By using a platform like Contrast Secure Code, security teams can reduce the number of tools needed, as it provides all the necessary insights and mappings. This approach drastically lowers the number of security experts required and reduces the total cost of ownership (TCO) of security operations. Just imagine that: a world where security experts can focus on other pressing matters while benefiting from an efficient, streamlined cybersecurity process.

III. How well do you really know your applications?

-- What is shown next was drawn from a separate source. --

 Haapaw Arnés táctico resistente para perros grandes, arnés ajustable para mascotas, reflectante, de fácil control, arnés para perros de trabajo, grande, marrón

Contrast Assess uses deep instrumentation as a vital component to understanding and securing the application. Instrumentation enables informed decision-making that would be impossible with a static view in time. Here’s how it bolsters a company’s security posture:

1. It allows the company to detect security incidents or anomalies in real time, as the instrumentation generates logs that can be used to identify unusual activity.
2. It helps the company to identify and fix security vulnerabilities in the application by providing visibility into how the application is being used and any potential weaknesses that may be exploited by attackers.
3. It enables the company to track and monitor user activity within the application, which can be useful for identifying potential insider threats or unauthorized access to sensitive data.
4. It helps the company to comply with regulatory requirements and industry standards that mandate the use of certain security controls, such as logging and monitoring.

Deep knowledge of your applications helps determine the number of real vulnerabilities and their locations, eliminating false positives. Developers can swiftly address critical vulnerabilities, especially those within frequently used traffic routes. Security teams can identify the most significant risks in their applications and develop countermeasures. And they achieve efficiency through accurate remediation without the burden of false positives.

Final thoughts

Contrast Assess, part of the Contrast Secure Code Platform, can help organizations recession-proof their application security program in 2023. By using this tool, organizations can reduce MTTR in order to remediate critical vulnerabilities, from two months to just eight days. This enables them to address security issues before they become significant threats. It also allows security teams to monitor their applications in real time and identify potential insider threats or unauthorized access to sensitive data.

Additionally, Contrast Assess drastically reduces the number of security experts needed, thereby lowering the TCO for security operations. Furthermore, it can quickly identify vulnerabilities in an organization’s 
code, allowing developers to fix them before they become problems. In summary, Contrast Assess provides organizations with a powerful tool to stay ahead of security threats and protect themselves in a recession.